2) abortion rights are constantly under threat
Don't agree.
3) women continue to be objectified in the media
Personally, I don't agree with this objectification idea. Women are pretty things, both men and women like looking at them. I think the wider non-feminist society has heard this 'objectification' argument, thought about it, and rejected it. The same for porn, sorry porn-haters, more people either like it, don't care, or think it falls under freedom of choice.
And as for media images, never before in my life have women been portrayed as so perfect and men as such silly little boys or potential paedos/rapists etc. *
4) 2 women a week are killed by their partners in the UK. This hardly registers on the news - imagine if it was the other way round.
I think domestic violence against women gets a lot of attention, it's a soap favourite, it's in The Guardian every other day... consequently every one agrees it is a terrible thing - and the other way around gets very very little attention, until very very recently. It's one man killed by a female partner every two weeks apparently. Ever hear that stat before? Oh, and even then, it was his fault he got killed because he was probably an abuser and it's being a 'DV apologist' to suggest that people use the door rather than a kitchen knife to solve their problems.
5) Only 3% of the CEOs of the top 500 companies are women - and that number has not increased for 3 years.
How many are from poor bgs? Or black? As I have said before, the world is run by the super-rich - and the super-rich men do the one main job. Combo of best person for the job and yes there is institutionalised sexism there - but then again, how many women, like how many men, are ever going to be in that position either? And if they are, are they going to help other women?
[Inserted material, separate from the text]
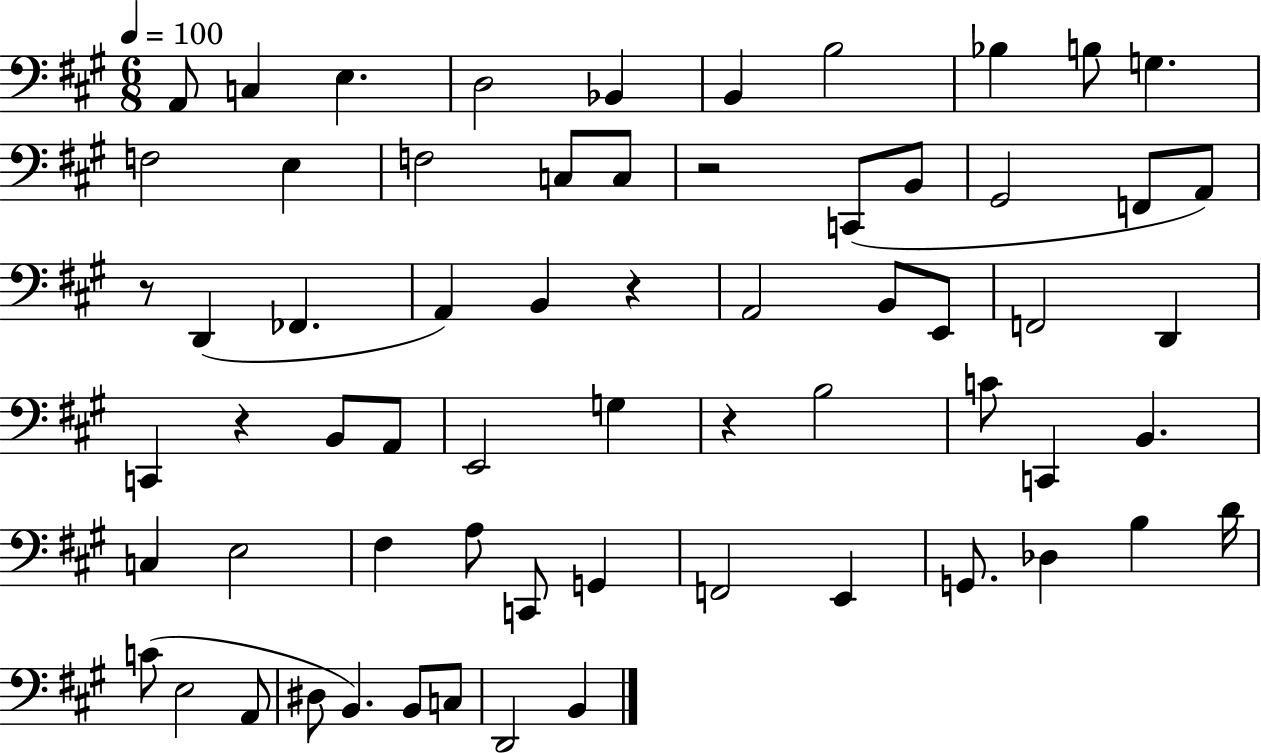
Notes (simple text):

A2/e C3/q E3/q. D3/h Bb2/q B2/q B3/h Bb3/q B3/e G3/q. F3/h E3/q F3/h C3/e C3/e R/h C2/e B2/e G#2/h F2/e A2/e R/e D2/q FES2/q. A2/q B2/q R/q A2/h B2/e E2/e F2/h D2/q C2/q R/q B2/e A2/e E2/h G3/q R/q B3/h C4/e C2/q B2/q. C3/q E3/h F#3/q A3/e C2/e G2/q F2/h E2/q G2/e. Db3/q B3/q D4/s C4/e E3/h A2/e D#3/e B2/q. B2/e C3/e D2/h B2/q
I doubt it. Don't care about helping super-rich anyone, they'll be fine.
6) women outnumber men at University and as graduates - and have done for more than 10 years. But men still occupy the vast majority of higher echelon jobs.
The first bit is a success, yes? Maybe we need all-men short-lists or affirmative action to help those boys? Again, higher echelon jobs, bit of dying Patriarchy/jobs for the connected boys, mostly don't care about anyone earning over 50 grand.
7) Women working full time earn on average 16% less than men.
I've looked into this argument, and despite not being an economist, I am convinced by the argument that the 'wage gap' is explained by the different jobs and hours men and women choose to do. Where it isn't, er, more laws that say it's illegal to discriminate... or what are the other solutions on the table?